Moving into the early twentieth century, the business began to advertise its services in print publications, with one advertisement in the Brighton Season from 1920, describing how Hanningtons was ‘famed for Richness of Quality Undoubted Reliability and Moderate Prices’.

This is a paper bag from Hanningtons department store, Brighton, which as printed on the bag, was established in 1808.
Paper bag from Hanningtons department store, Brighton, which as printed on the bag, was established in 1808.

The store moved out of family ownership in 1966 on the death of the last member of the Hannington family but continued to trade throughout the 1960s and 1970s. The late 1980s saw the beginning of a slow decline. Other independent department stores in Brighton began to close and the Hanningtons building suffered several fires.

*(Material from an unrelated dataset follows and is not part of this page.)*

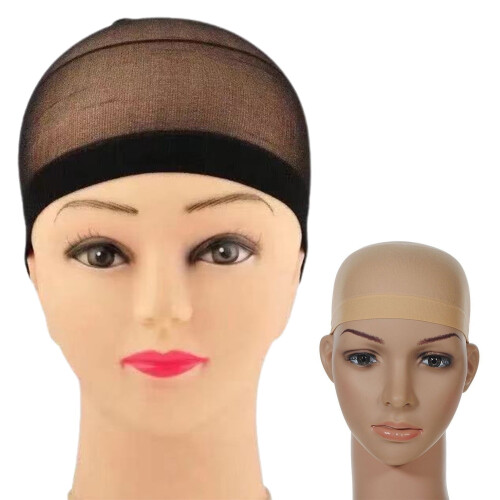 Happydeer2Pcs Σκουφάκι Περούκας Ελαστικό Αντιολισθητικό Γυναικείο Μακιγιάζ Υψηλής 1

 Ruth Compton, a manageress at Hanningtons in the early 20th century.
Ruth Compton, a manageress at Hanningtons in the early 20th century.

The major redevelopment of Churchill Square, which opened in 1998, hastened the decline of Hanningtons. Central Brighton’s final independent department store simply could not compete, and the tills at the ‘Harrods of Brighton’ rang for the last time on 30 June 2001.